After breakfast, I bundled up and went outside to pick the apple blossoms that appeared in this cold weather. To them, I added this pine cone that looks like a rose. There are quite a few of them on the ground here.
I was also excited to get out all the past issues of Victoria for the month of May. Here are 1990 - 1995. I haven't opened them yet to see what was in them but I am sure they are as lovely as they were the year they came. I am looking forward to having time to sit and look through these again. There is almost one per week for this month, which is better than a subscription magazine coming each month.
I did quite a few things today that were "grunge jobs," so, as a treat, I made this new shelf arrangement for May. As I have mentioned previously, our house is used and lived in from morning til evening, with very few places left alone. This is the one shelf I have that does not get disturbed or used. Today I decided to gather up anything I owned that looked like a rose. The round table cloth is all scrunched up on purpose to make it fit on the on the mantel shelf.
Later in the day, my daughter played "Song of the Lark" to me on the piano, to celebrate the first day of a new month.

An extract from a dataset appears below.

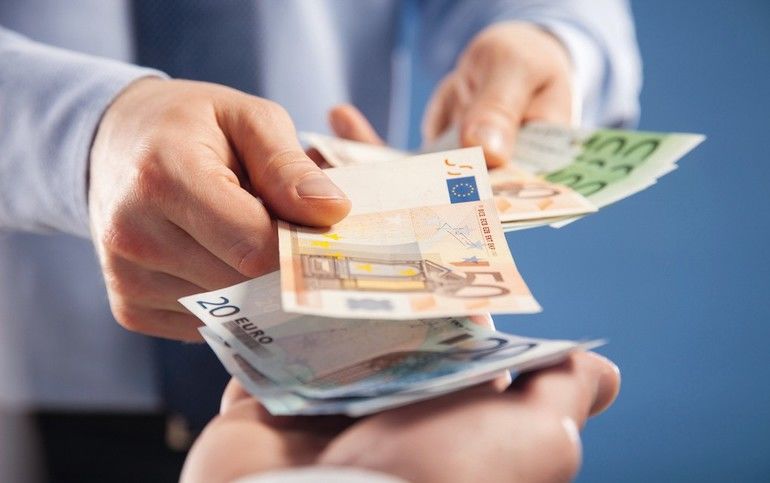 Businessman's__hands_exchanging_euro_on_blue_background,_closeup_shot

I sympathise with every woman who does not have access to a car, or cannot leave her home often because of pressing responsibilities, lack of money, or distance. I am presently without transportation but am reminded once again of the freedom within the home and outside it to do many things for others. And, the less I travel, the less it costs, so there is some advantage to this. It actually does not cut spending completely, because there is always the phone, the catalogs and UPS, which comes straight to the door ;-) if I get too desperate.
My husband wants to take me somewhere expensive for my birthday next week and said he had a gas station in mind, since gas was probably the most expensive thing he could buy me. I sometimes think I would rather have the money! One lady I know says it costs her $65.00 to fill her mini-van. That would buy a lot of fabric, or part of a new chair or couch. I could take several friends to a tea room several times with that kind of money. We really must re-think our distance problem, and create a village system where we can get our basic needs within walking distance. Another solution to gas prices is to keep the prices reasonable everywhere and raise the gas prices only in Washington D.C. Things would change in a hurry.
Here is something I was asked to comment on regarding how to extend sympathy to those who had lost a loved one.
When I was younger I was not sure what to say to someone who was in grief. I looked in etiquette books and read books written especially for Christian women. For some reason, it wasn't concise enough for me to get the thought into my head and remember it when I needed to. I will just use a familiar verse from the Bible and see if it can be made clear.
Romans 12:15 Rejoice with them that do rejoice, and weep with them that weep.
I can remember when my brother died a lady saying to me: "I'm so sorry to hear about the death of your brother. I know how you feel. I lost a brother when I was very young, and I still miss him."
I don't think it has to be a big, complicated issue to extend sympathy. It really helps if all you say is, "I am very sorry for your loss." Sending a card is always appreciated. These days you can email some very pretty e-cards that have good sentiments.
As awkward as it can be, it is still better to send a card or say something, than not to. People who lose loved ones feel very alone. Anything you do will help. Also, I have observed that extending sympathy becomes easier with age.